Storia di un murales

Nel giugno del 1989 uno sconosciuto ragazzo della Pennsylvania arrivò a Pisa con l’intento di dipingervi un grande murales. L’idea era nata dall’incontro a New York tra il graffitaro americano Keith Haring e il pisano Piergiorgio Castellani, allora studente e poi autore con Roberta Cecchi del libro “Keith Haring a Pisa. Cronaca di un murales”.

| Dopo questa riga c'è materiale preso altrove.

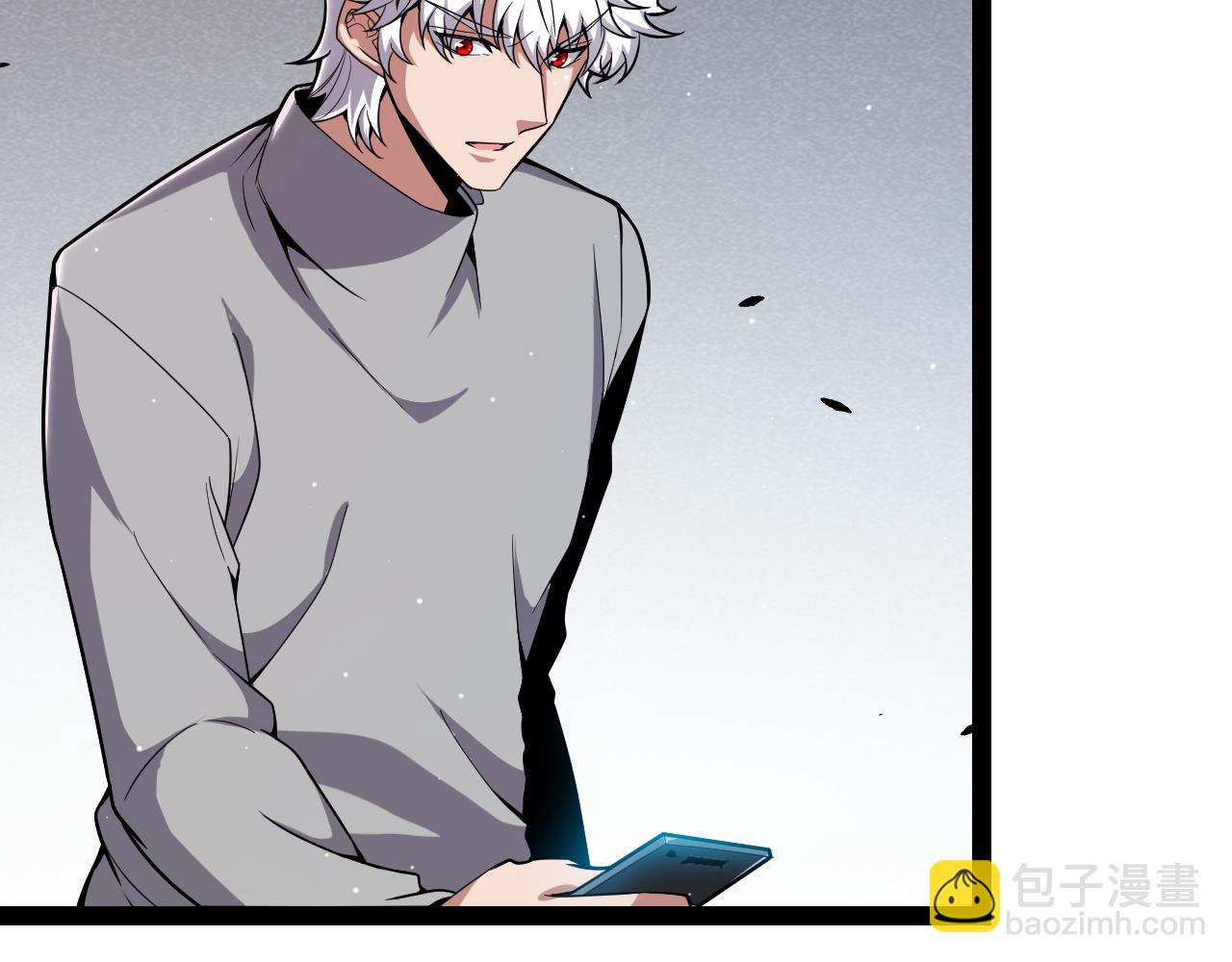 我來自遊戲 - 第264話 昏迷還是死去？(4/4) - 1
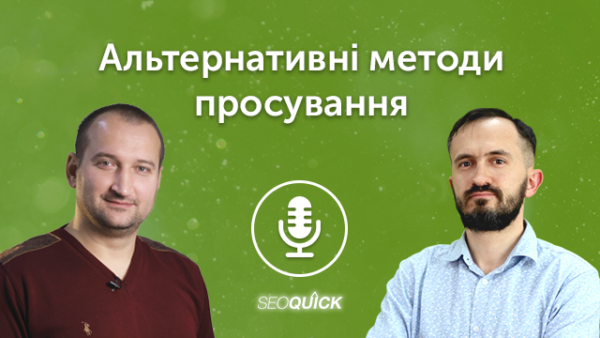 Альтернативные методы продвижения | Урок #503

L’approvazione non fu semplice, all’epoca Keith, pur essendo uno dei protagonisti del panorama artistico newyorkese, in Italia non si era ancora scrollata di dosso la nomea d’imbratta-muri, ma frate Luciano ebbe fiducia in lui e gli assegnò la facciata esterna del cortile del convento di Sant’Antonio Abate. L’opera, distribuita su 180 metri quadrati, fu realizzata in una febbrile settimana di lavoro sotto l’occhio incuriosito e perplesso dei pisani richiamati dall’eco di quella straordinaria performance.
“Tuttomondo” il titolo, la pace universale il tema. Proponendo il suo inconfondibile stile di sagome schematiche ed essenziali, volutamente povere come ideogrammi tribali e rigorosamente bidimensionali, Haring ha disegnato sulla superficie trenta figure umane e animalesche incastrate come in un puzzle monumentale. Ne è sortita una rappresentazione affollata, dinamica e cromaticamente vivace nella quale fantasmi inconsistenti, ma non immobili, si librano nello spazio senza alcuna gravità in un flusso d’immagini ossessive ma inebrianti.
Quest’abbraccio di tutti gli uomini di qualsiasi colore e lingua, dipinto da un gay sul muro di un convento, aiutato da occasionali passanti, ragazzi volontari, cittadini entusiasti, che aggregò il parroco lungimirante, l’assessore combattivo, la ditta Caparol che fornì i ponteggi, i colori e gli artigiani in aiuto, non è forse il miglior esempio del superamento di ogni pregiudizio? Non è forse una dimostrazione reale di un concetto pacifista concretizzato e non solo lanciato nell’etere?